Diese Partie kommentierte er 15 Jahre später in seinem Buch "Meine besten
Partien 1908-1923":
Der Turniersaal
Europa in der Krise
Mittlerweile hatte sich die politische Lage
in Europa erheblich zugespitzt und konnte nicht mehr einfach ignoriert werden:
Europa 1914
Europa, gezeichnet von W.Trier
Europa hatte sich 1914 daran gewöhnt, dass
eine Krise der nächsten folgte. Ursache waren die machtpolitischen Gegensätze
der Großmächte. Als Pulverfass galt zuallererst der Balkan. Dort hatten sich
erst wenige Jahre zuvor nach jahrhundertelanger türkischer Herrschaft
selbstständige Staaten etabliert. Das ehemals türkische, hauptsächlich von
Südslawen bewohnte Gebiet von Bosnien-Herzegowina war an den Vielvölkerstaat
Österreich-Ungarn gefallen und von diesem im Jahr 1908 seinem Staatsgebiet
einverleibt worden. Dies hatte eine ernsthafte Krise ausgelöst und ständigen
Konfliktstoff insbesondere mit Serbien, dass das Gebiet für sich beanspruchte
und der Großmacht Russland herbeigeführt, wo, wie auch in Serbien die Ideologie
des "Panslawismus" weit verbreitet war.
Am 28. Juni 1914 (also drei Wochen vor Beginn des Mannheimer Turniers) war in
der bosnischen Hauptstadt Sarajewo der österreichische Thronfolger und seine
Ehefrau dem Mordanschlag einer bosnisch-serbischen Untergrundbewegung zum Opfer
gefallen, die in ihm den "Vertreter des österreichisch-ungarischen
Imperialismus" sah. In Österreich-Ungarn sah man die Verantwortung in Serbien
(tatsächlich war der serbische militärische Geheimdienst in das Attentat
verwickelt) und strebte einen "chirurgischen Schnitt", einen begrenzten
Militärschlag gegen Serbien an. Im Vertrauen auf die Rückendeckung durch die
Bündnispartner Deutschland (damals die stärkste Militärmacht der Welt) und
Italien. Nach einem für Serbien nicht annehmbaren Ultimatum folgt am 28. Juli
1914 die Kriegserklärung Österreich-Ungarns an Serbien.

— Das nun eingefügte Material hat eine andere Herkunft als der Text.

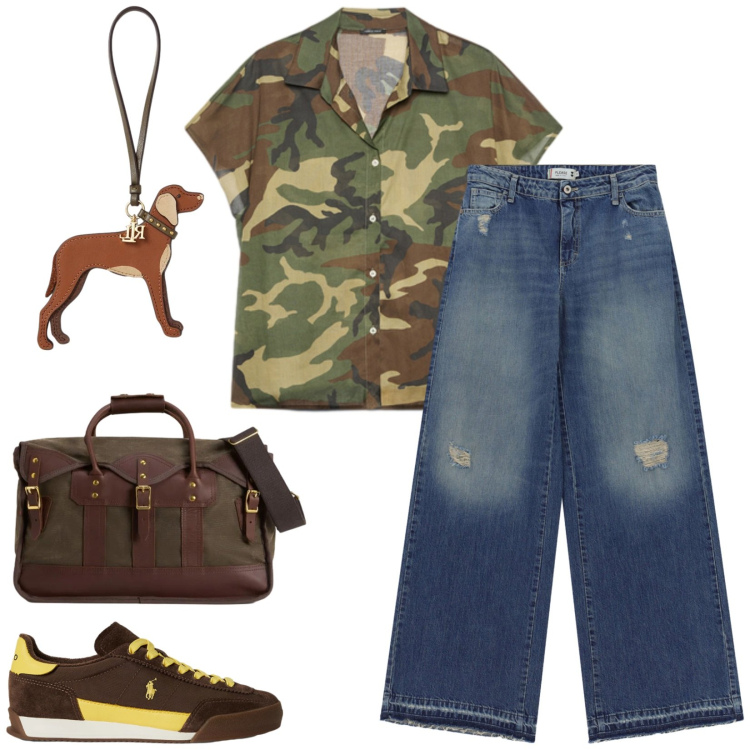 Outfit donna - Total look #2429550. Stile Trendy per Tutti i giorni. Abbinamento con jeans dritti, camicie a manica corta, ciondoli, sneakers, borse a tracolla.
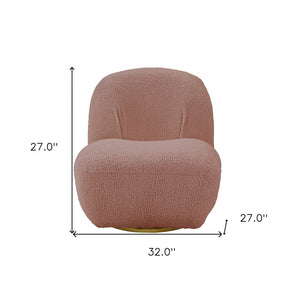 Homeroots 32" Pink Sherpa Solid Color Swivel Slipper Chair   486593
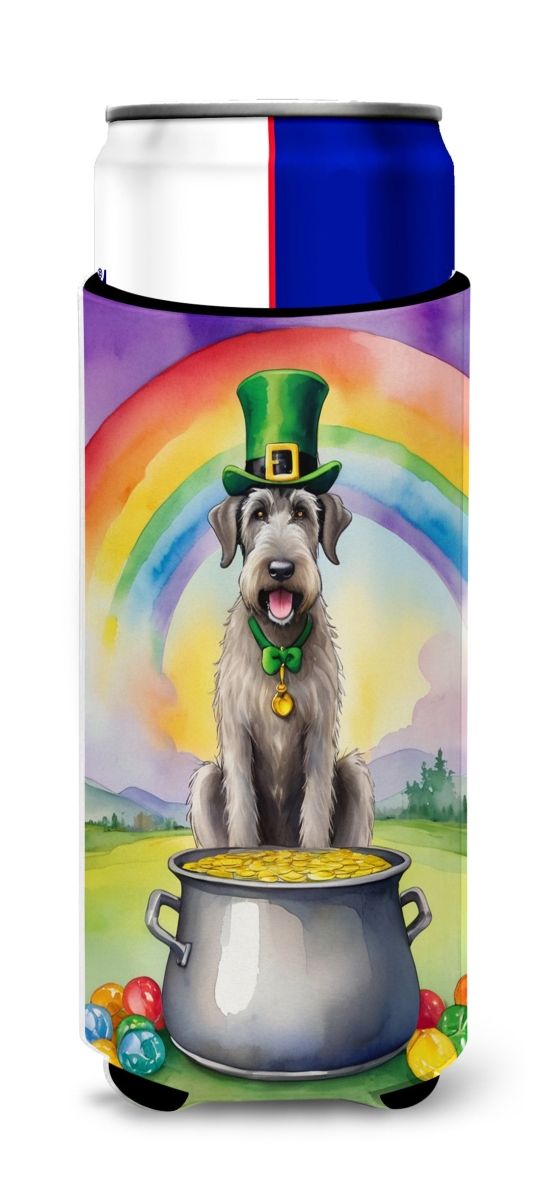 DAC5559MUK 12 oz Irish Wolfhound St Patricks Day Hugger for Ultra Slim Cans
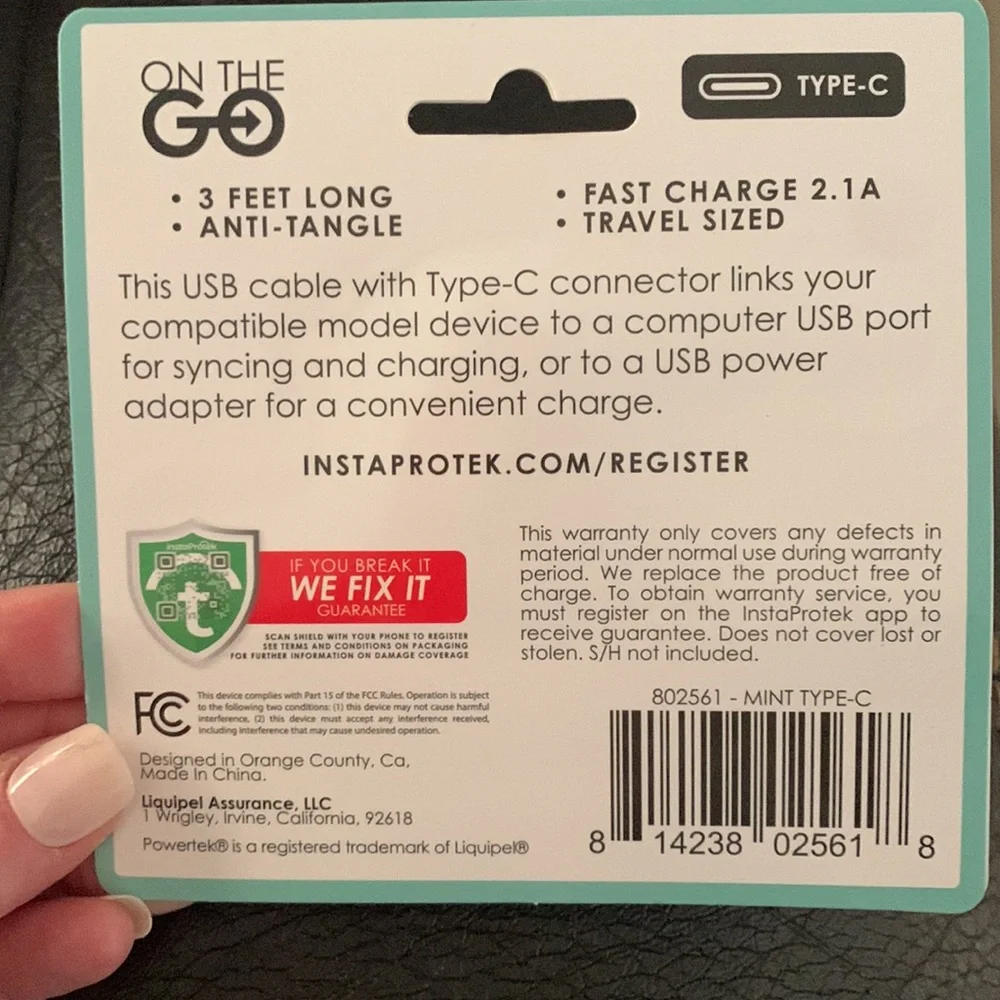 NIB USB cable with Type-C connector- 3 foot retractable cable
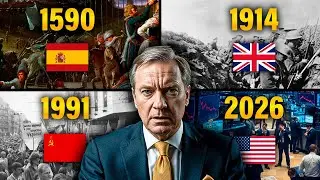 Le sch&eacute;ma d'effondrement Des empires : Espagne, Grande-Bretagne, URSS Les &Eacute;tats‑Unis sont au stade 5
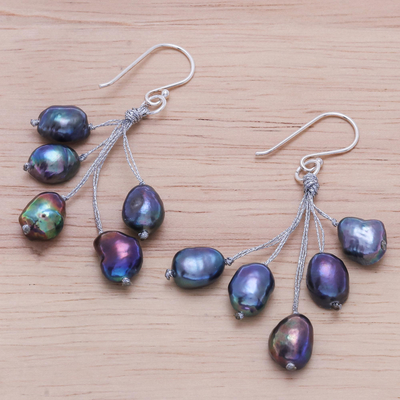 Cultured pearl dangle earrings, 'Mystic Pearl in Blue' - Hand Crafted Cultured Freshwater Pearl Dangle Earrings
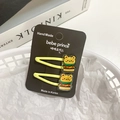 Set of two yellow candy-colored hair clips featuring cute cartoon bear and burger design - [9] Yellow Bear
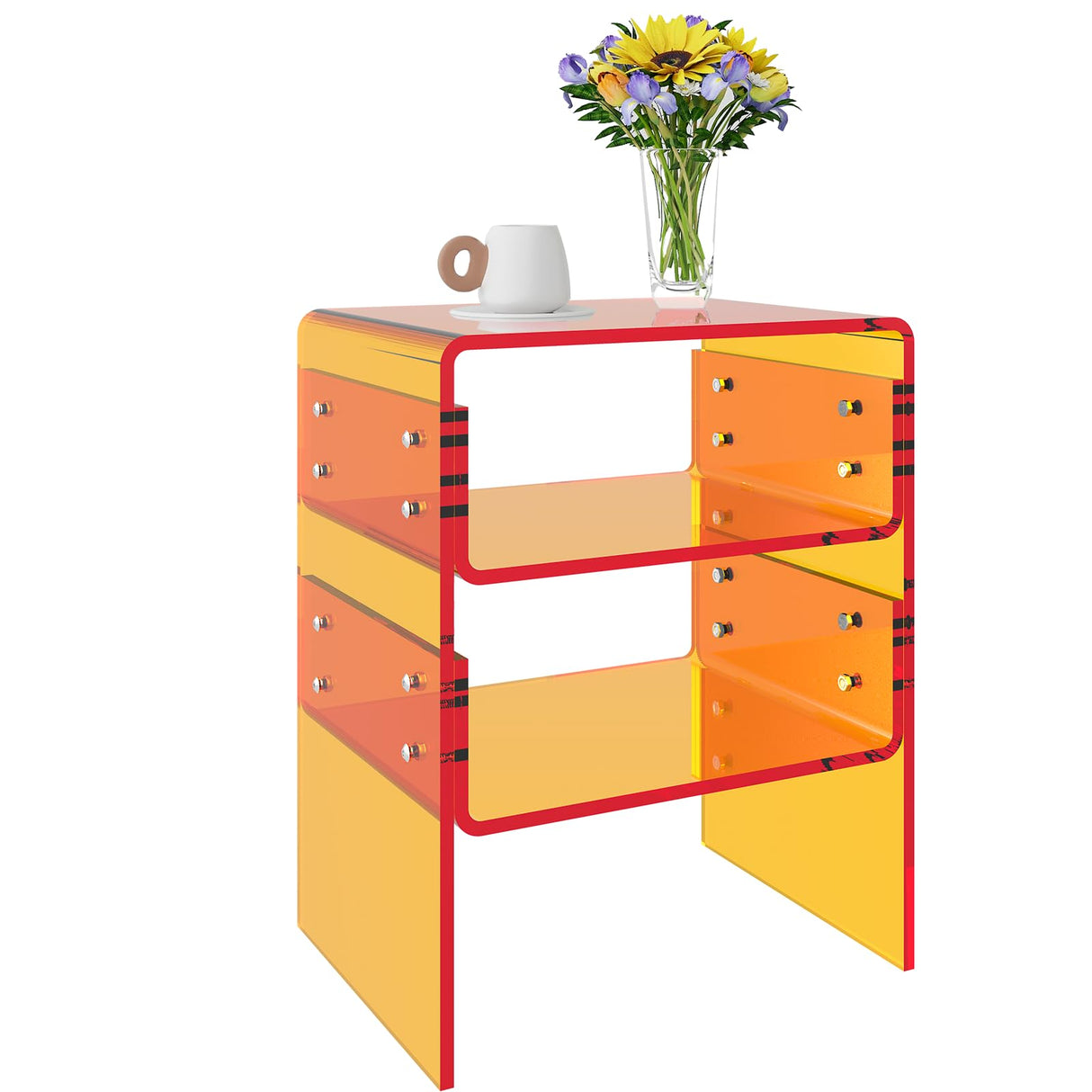 3 Tier Storage Shelf, Orange Acrylic Nightstand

Zu diesem Zeitpunkt wurde in Mannheim die siebte Runde ausgetragen. Der Prager
Hrdina, der im Hauptturnier A gespielt hatte, reiste ab, nachdem er seine
Einberufung erhalten hatte. Das Turnier wurde fortgesetzt.
Die Krise verstärkte sich immer weiter, Russland trat an die Seite Serbiens, ein
Automatismus der Bündnisverpflichtungen beginnend mit allgemeiner "Mobilmachung"

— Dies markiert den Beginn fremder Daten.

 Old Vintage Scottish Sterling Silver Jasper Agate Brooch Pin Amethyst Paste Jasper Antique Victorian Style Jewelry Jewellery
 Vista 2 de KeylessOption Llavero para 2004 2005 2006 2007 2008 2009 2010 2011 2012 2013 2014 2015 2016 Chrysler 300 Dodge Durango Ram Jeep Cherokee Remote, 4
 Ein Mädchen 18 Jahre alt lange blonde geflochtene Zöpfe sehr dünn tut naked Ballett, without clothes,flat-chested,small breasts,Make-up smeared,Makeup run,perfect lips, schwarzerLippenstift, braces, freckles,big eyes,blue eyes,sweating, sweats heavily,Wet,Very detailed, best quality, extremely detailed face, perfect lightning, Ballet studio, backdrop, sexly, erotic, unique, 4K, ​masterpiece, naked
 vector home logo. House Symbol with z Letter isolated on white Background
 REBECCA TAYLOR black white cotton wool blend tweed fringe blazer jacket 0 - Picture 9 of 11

kam in Gang, der ganz Europa in den Krieg zog.
Das Turnier wird abgebrochen
Als am 1. August 1914 nach Austragung der elften Runde die "Mobilmachung" (d.h.

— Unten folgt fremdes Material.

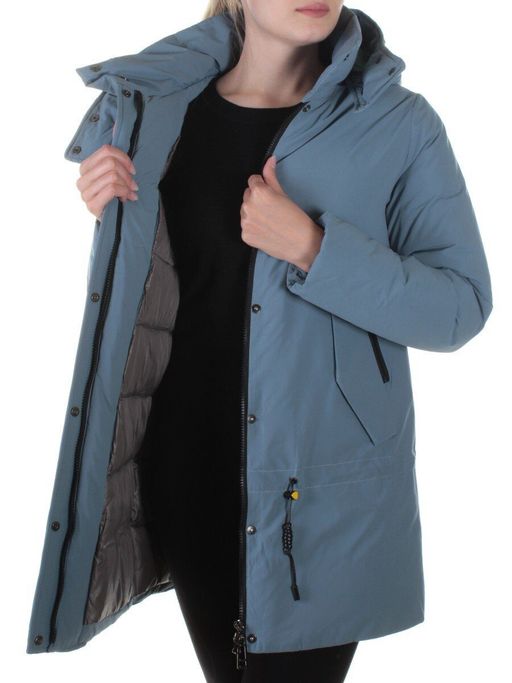 M9072 GRAY/LT.BLUE Пальто зимнее женское Snowpop - Fashion фото 8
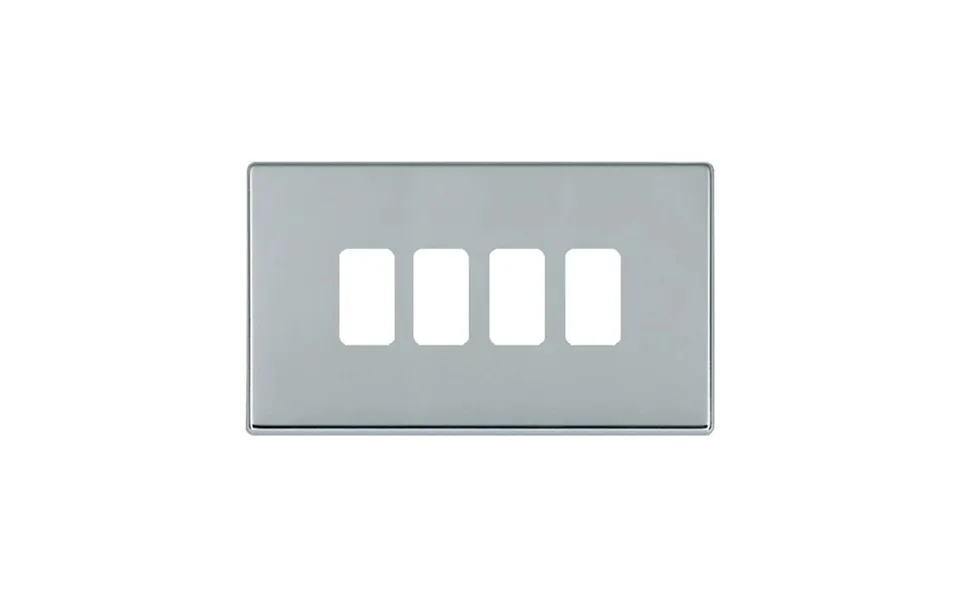 Hamilton G2 4 Gang Grid-fix Face Plate Bright Chrome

Einziehung von Reservisten, Vorbereitung auf den Kriegszustand) bekannt gegeben
wurde, stand die Notwendigkeit fest, das Turnier abzubrechen. Um 19 Uhr erfolgte
bereits die Kriegserklärung Deutschlands an Russland. Der Turnierleiter Hermann
Römmig legte sein Amt nieder und reiste als Reservist sofort zu seiner Einheit
ab. Das Turnier betreffend wurden allerlei skurrile Vorschläge gemacht, so etwa
das Turnier in der neutralen Schweiz fortzusetzen. Tarrasch regte an, es einfach
um ein Jahr zu vertagen, in der Annahme, dass der Krieg dann natürlich vorbei
sei.
Schließlich wurde festgesetzt, dass die Spieler gemäß ihrem Punktestand zwar
nicht die vollen Preise jedoch eine "Entschädigung" erhalten sollten.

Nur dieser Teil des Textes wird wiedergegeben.